---- EXCERPTED RECORDS

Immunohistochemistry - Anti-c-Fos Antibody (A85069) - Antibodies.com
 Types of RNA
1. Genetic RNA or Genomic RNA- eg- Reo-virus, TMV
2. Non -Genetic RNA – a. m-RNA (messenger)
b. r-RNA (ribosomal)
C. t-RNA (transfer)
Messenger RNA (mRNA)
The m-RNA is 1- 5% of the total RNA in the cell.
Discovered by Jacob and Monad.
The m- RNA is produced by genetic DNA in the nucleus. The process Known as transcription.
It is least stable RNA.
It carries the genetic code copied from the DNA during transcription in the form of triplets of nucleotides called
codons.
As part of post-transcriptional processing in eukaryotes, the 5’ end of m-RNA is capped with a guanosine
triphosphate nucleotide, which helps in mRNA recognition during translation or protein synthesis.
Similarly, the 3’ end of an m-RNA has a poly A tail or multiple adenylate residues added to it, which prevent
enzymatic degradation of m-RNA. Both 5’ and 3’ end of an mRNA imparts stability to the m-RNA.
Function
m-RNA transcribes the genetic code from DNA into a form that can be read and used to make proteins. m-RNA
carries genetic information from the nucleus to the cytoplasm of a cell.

--------

If a line in the records above has the word "from", copy it.

■ TASK OUTPUT ■
It carries the genetic code copied from the DNA during transcription in the form of triplets of nucleotides called
m-RNA transcribes the genetic code from DNA into a form that can be read and used to make proteins. m-RNA
carries genetic information from the nucleus to the cytoplasm of a cell.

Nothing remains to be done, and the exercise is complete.